Balsamic vinegar is more complicated. As wine comes in an amazing array of varieties – all with different tastes, textures and aromas – so too does balsamic vinegar. Like wine, balsamic vinegar is typically made from grape juice and aged in barrels. Unless it isn’t. That’s where it gets complicated.
Most vinegars labelled “balsamic” are simple imitations of the real thing, mimicking the most obvious flavour characteristics without the extra process (and time and cost) of a more authentic balsamic. Unless you shop at a very nice supermarket with a vinegar cabinet kept under lock and key, the balsamic found on a grocery store shelf is not traditional balsamic vinegar, or “aceto balsamico tradizionale”; instead, you’re buying what is sometimes called balsamic vinegar condiment or industrial balsamic, and the quality and taste vary widely.
If a recipe calls for half a cup of balsamic vinegar for use in a steak marinade, a relatively cheap $5 bottle of balsamic should suffice; subtle notes will be cooked out, so it’s not worth paying for something you likely won’t taste on your plate. If a recipe calls for a couple of tablespoons to be used as a finishing element, in a vinaigrette or for dipping or drizzling, a nicer (but not authentic traditional) balsamic – in the $15 - $30 range – would be a good fit. Serve it with olive oil and dip focaccia into it, or add a splash of it to finish cooked veggies.
If you’re lucky enough to have a bottle of the genuine, artisan-made article, use it very, very sparingly. Stored properly, it will keep just fine in the bottle for years, and a few drops are often enough to have the desired effect. A few drops on strawberries, say. Don’t use it in any way that would mask or draw attention away from the balsamic. If you’re paying $150 for a tiny bottle, you should be able to taste the full range of the vinegar’s flavours.

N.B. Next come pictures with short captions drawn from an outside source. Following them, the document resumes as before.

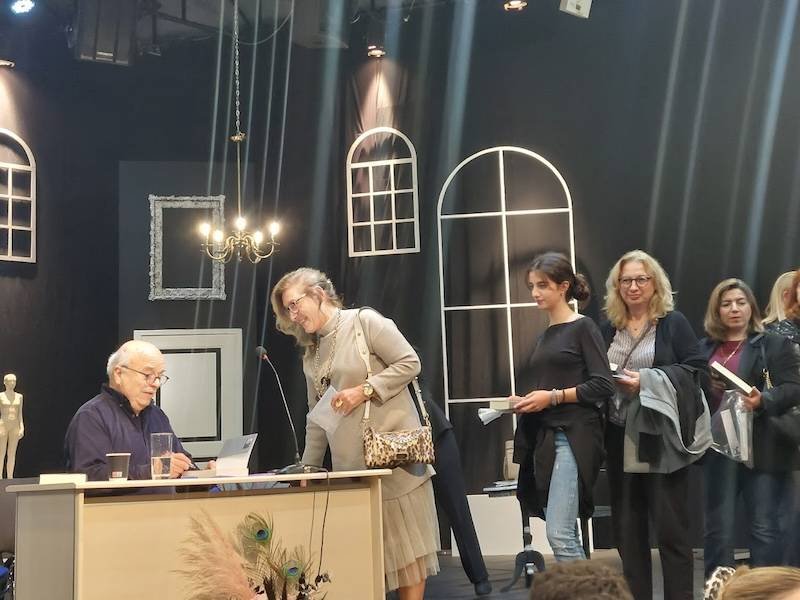 «Η Αλωση των Αθηνών από τις αδερφές Γαργάρα»: Αφηγηματική παρουσίαση του βιβλίου του Γιάννη Ξανθούλη Cea81415cfb50aad899f0e9c0a88b5aa L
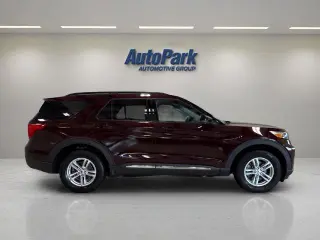 Ford Explorer 2023 AWD XLT 4dr SUV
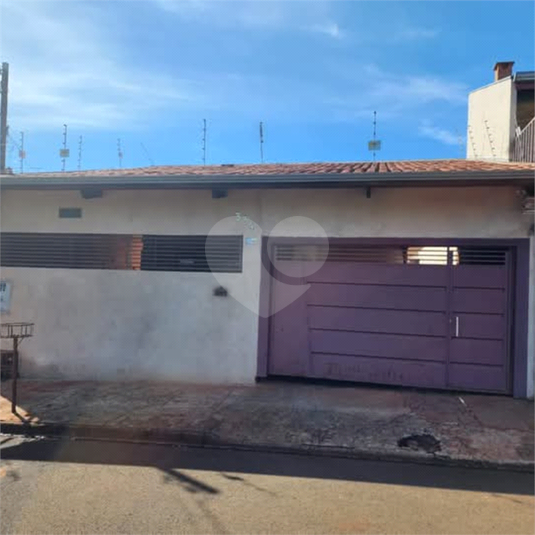 Venda Casa Igaraçu Do Tietê Conjunto Residencial Segura Garcia REO1050412 1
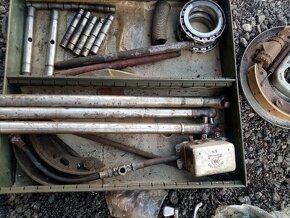 Škoda 440 Spartak octavia díly - 2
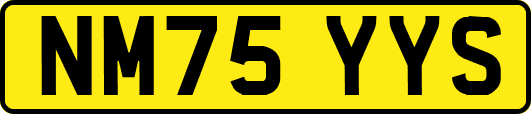 NM75YYS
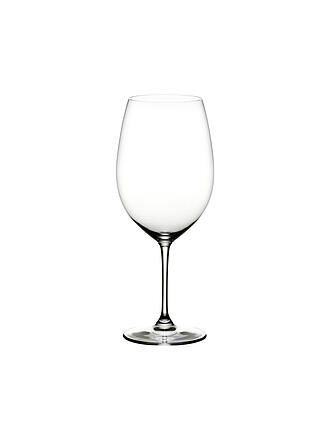 RIEDEL | Rotweinglas Set 4tlg. VINUM Cabernet/Merlot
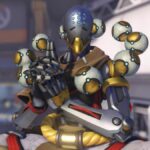 Zenyatta in Overwatch 2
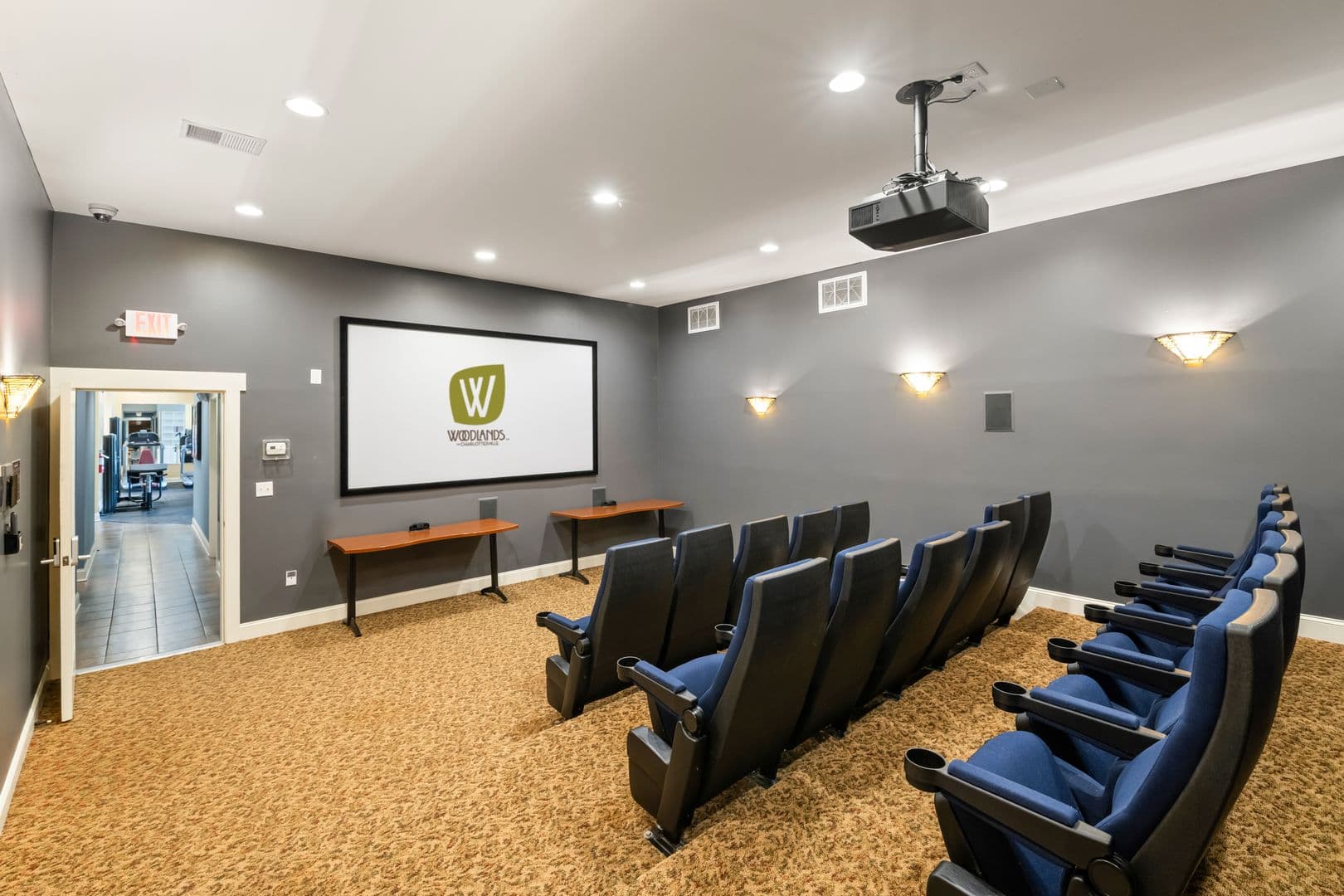Charlottesville Apartment: 1720 Treetop Dr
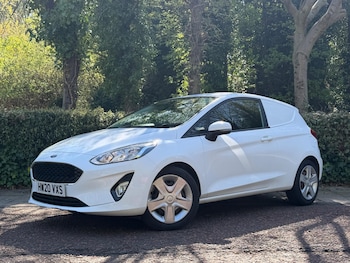 Used Ford Fiesta 2020 for sale - 78843222: Photo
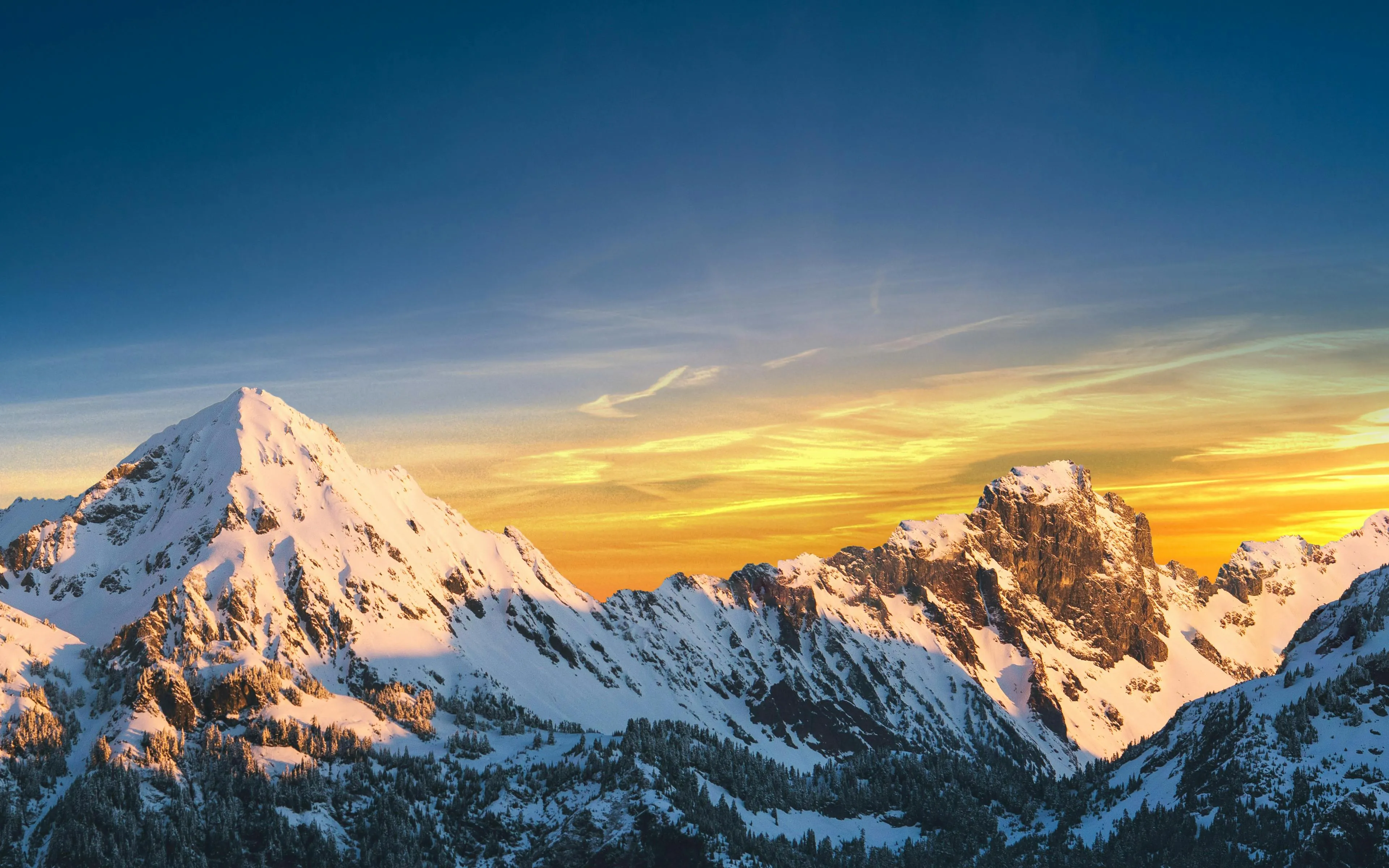 Site montagne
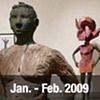 Harry Siter - Solo Exhibition, 2009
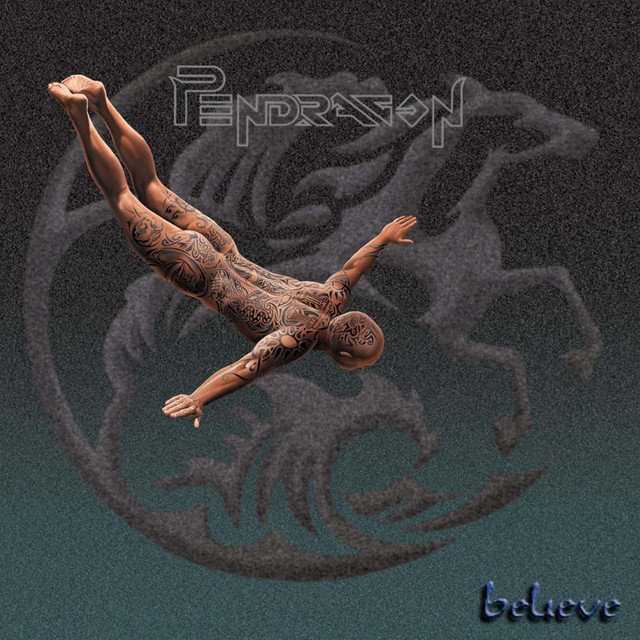 Believe cover art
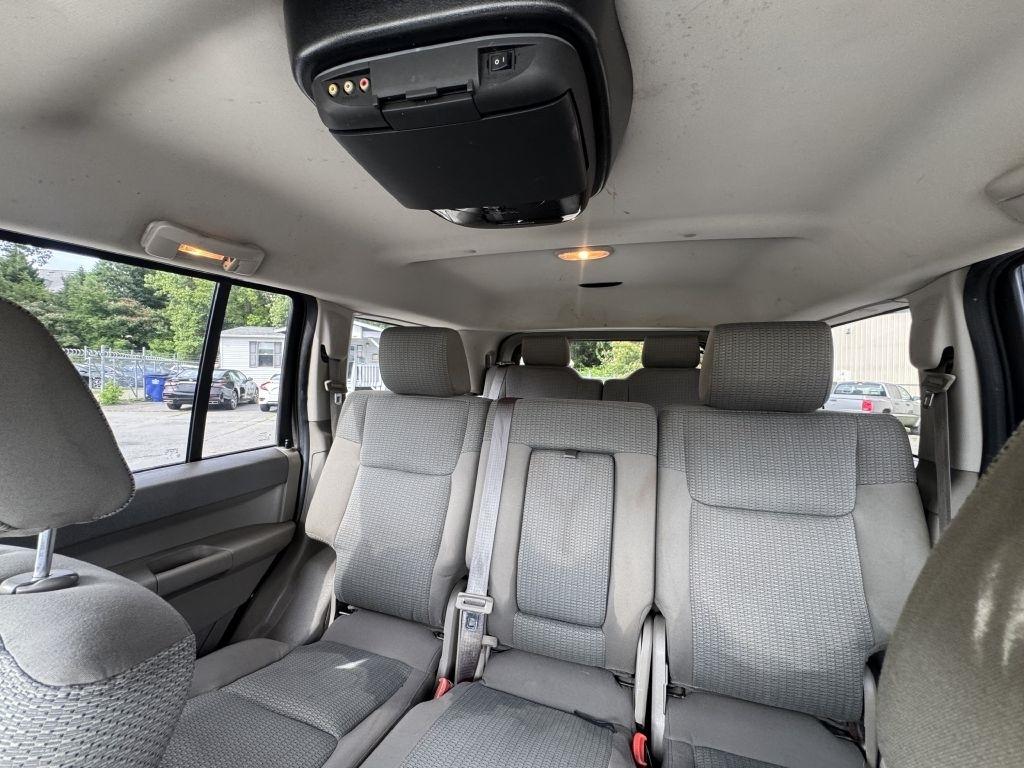 Jeep Commander 2WD 2006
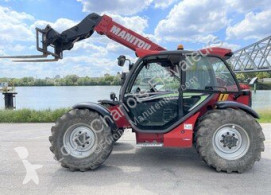 Manitou MLT 735 heavy forklift used
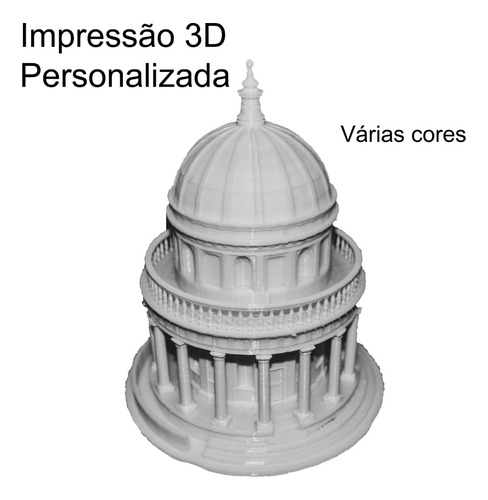 Impressão 3d Personalizada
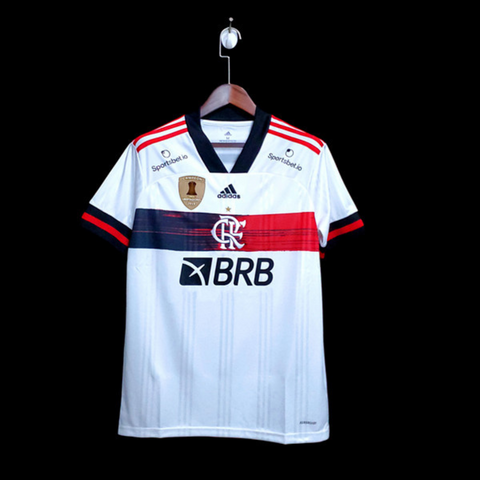 Flamengo Away Soccer Football Jersey 2019 | Libertadores Champions Edition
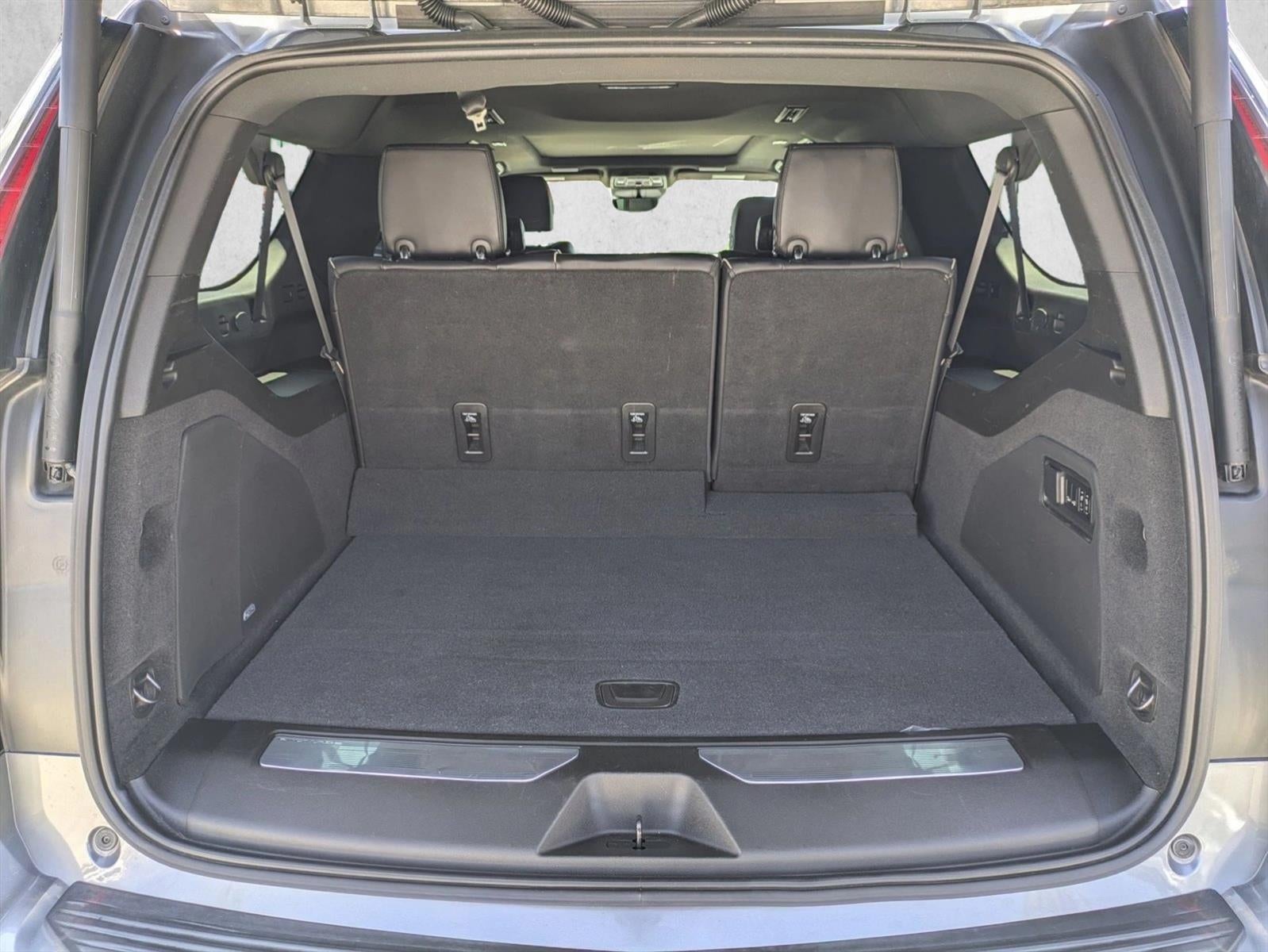 2021 Cadillac Escalade ESV 4WD Premium Luxury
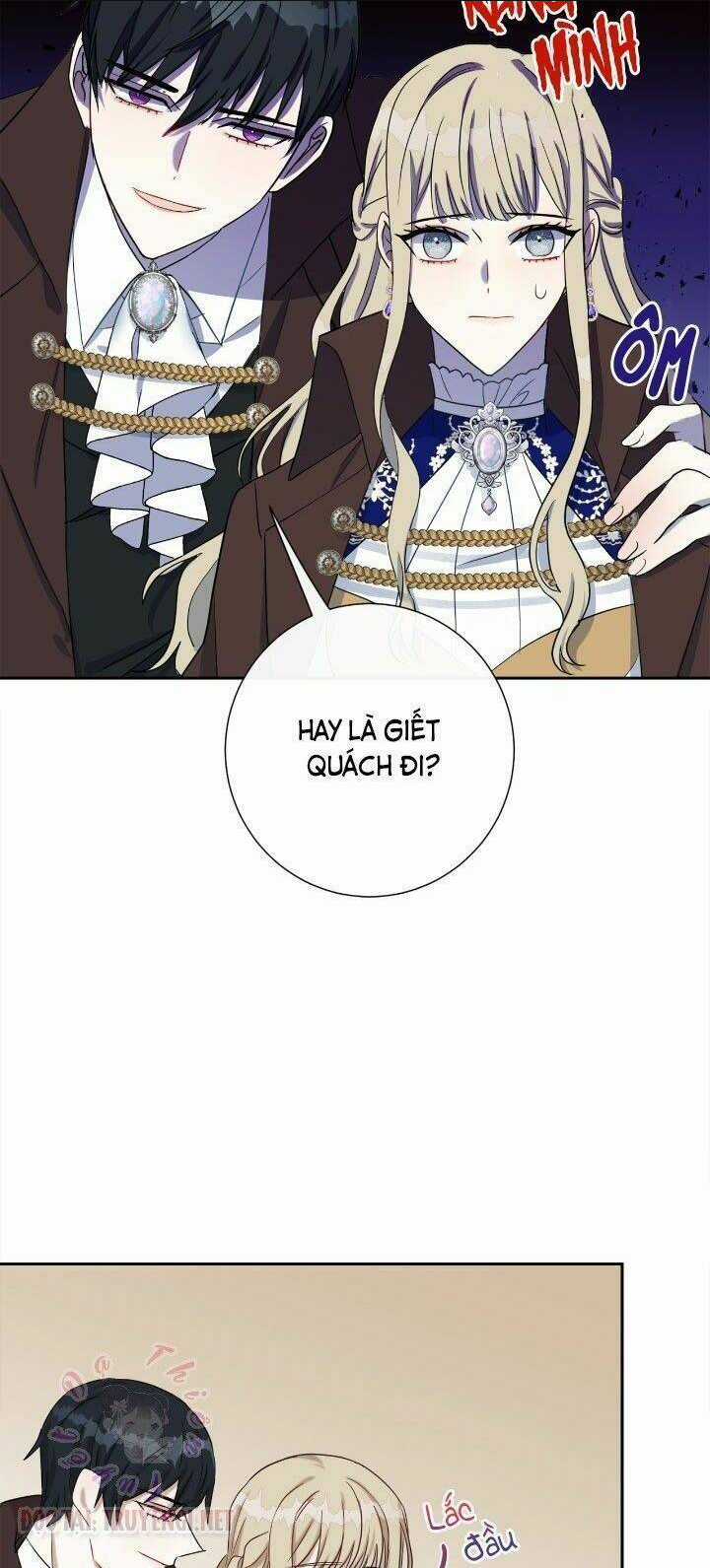 Xin Ngài Đừng Ăn Tôi. Chapter 28 trang 31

If you love balsamic, the best solution is to have two bottles in your cupboard: one inexpensive bottle for cooking purposes (marinades, etc.), and one nicer, more costly bottle for finishing dishes before serving. If you just got a raise, maybe splurge on a bottle of the real deal for special occasions. It’s the difference between having a bottle of cooking wine, a bottle of something nice for supper, and a fancy bottle of premium port for sipping with guests.